Existing fleet: The White House highlighted the following examples of recent support for the existing U.S. nuclear fleet:

  • Palisades is looking to be the first U.S. nuclear plant to restart after shutting down—with support from a $1.5 billion conditional loan commitment from the Department of Energy to Holtec Palisades LLC, to finance the restoration and resumption of service for the 800 MW nuclear plant in in Covert Township, Mich. The project aims to bring Palisades back on line and upgrade it to produce clean, baseload power through at least 2050.
  • Diablo Canyon in California is leveraging the DOE’s Civil Nuclear Credit program to fund the plant’s life extension.
  • The Inflation Reduction Act (IRA) created a production tax credit for existing nuclear plants, giving them more economic security to keep operating.
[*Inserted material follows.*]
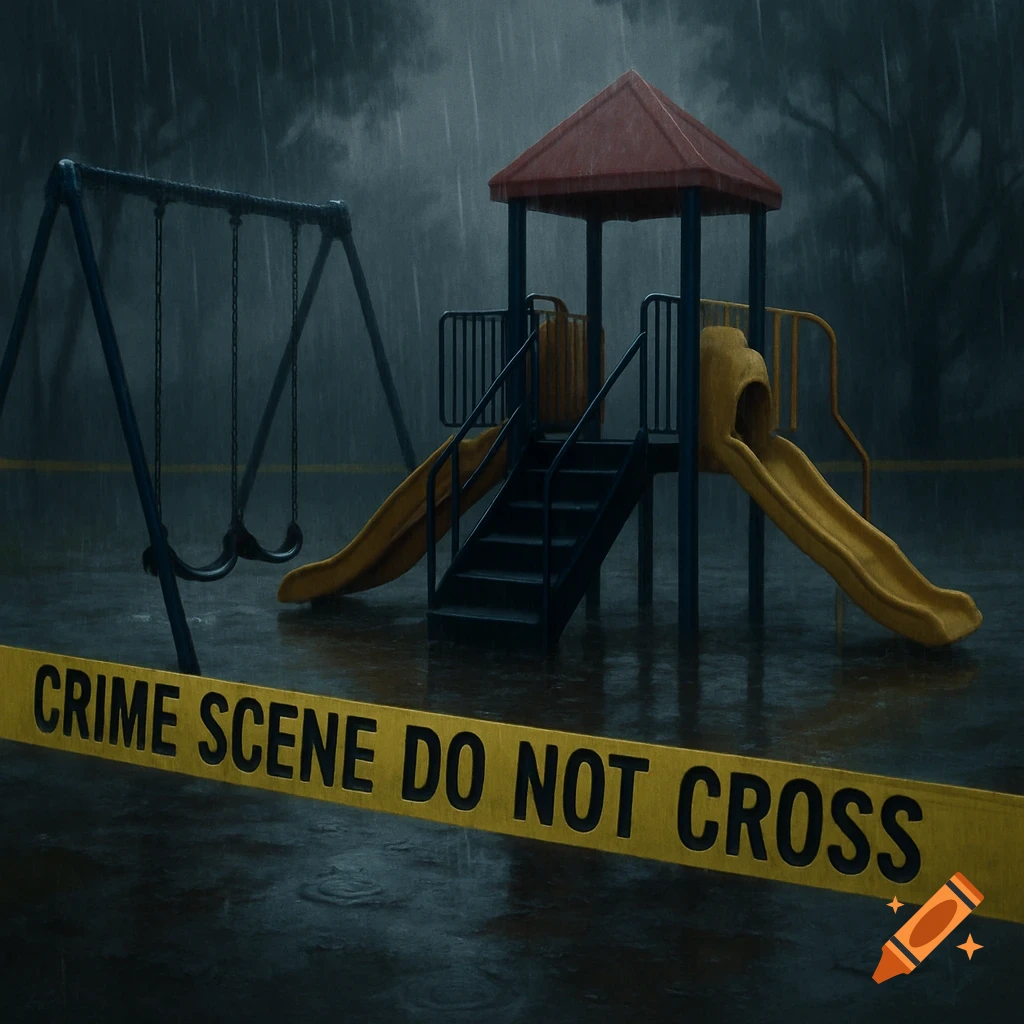 Crime scene tape blocks off a wet playground in heavy rain.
New nuclear: Also highlighted at the summit was government support for the demonstration and deployment of advanced nuclear technology:

  • The DOE’s Advanced Reactor Demonstration Program (ARDP) is funding nuclear demonstration and risk reduction projects. Awardees include Gen IV reactor vendors and developers TerraPower, X-energy, Kairos Power, Westinghouse, BWX Technologies, and Southern Company.
  • President Biden signed a congressional appropriations package providing $800 million to fund up to two Gen III+ SMR demonstration projects, with formal implementation plans to be announced this year. The package also appropriated $100 million for Gen III+ SMR design, licensing, supplier development, and site preparation.
  • The IRA enacted the Clean Electricity Production and Clean Electricity Investment tax credits to support the deployment of all zero greenhouse gas–emitting electricity generation, including that from new nuclear electric generators.
  • The DOE released a coal-to-nuclear technical study and information guide, highlighting the potential for more than 300 plant conversions and their ability to transition jobs.
  • The Department of Defense is funding Project Pele to develop a prototype microreactor (Gen IV) design for future use at defense installations.
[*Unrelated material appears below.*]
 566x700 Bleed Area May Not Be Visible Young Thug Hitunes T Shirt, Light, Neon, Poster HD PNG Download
What’s next: The new Nuclear Power Project Management and Delivery working group will include members from federal government entities, including the White House Offices of Domestic Climate Policy, Clean Energy Innovation and Implementation, and Science and Technology Policy, as well as the Department of Energy.

The group will work with stakeholders from project development, engineering, construction, utilities, investors, labor organizations, academia, and nongovernmental organizations.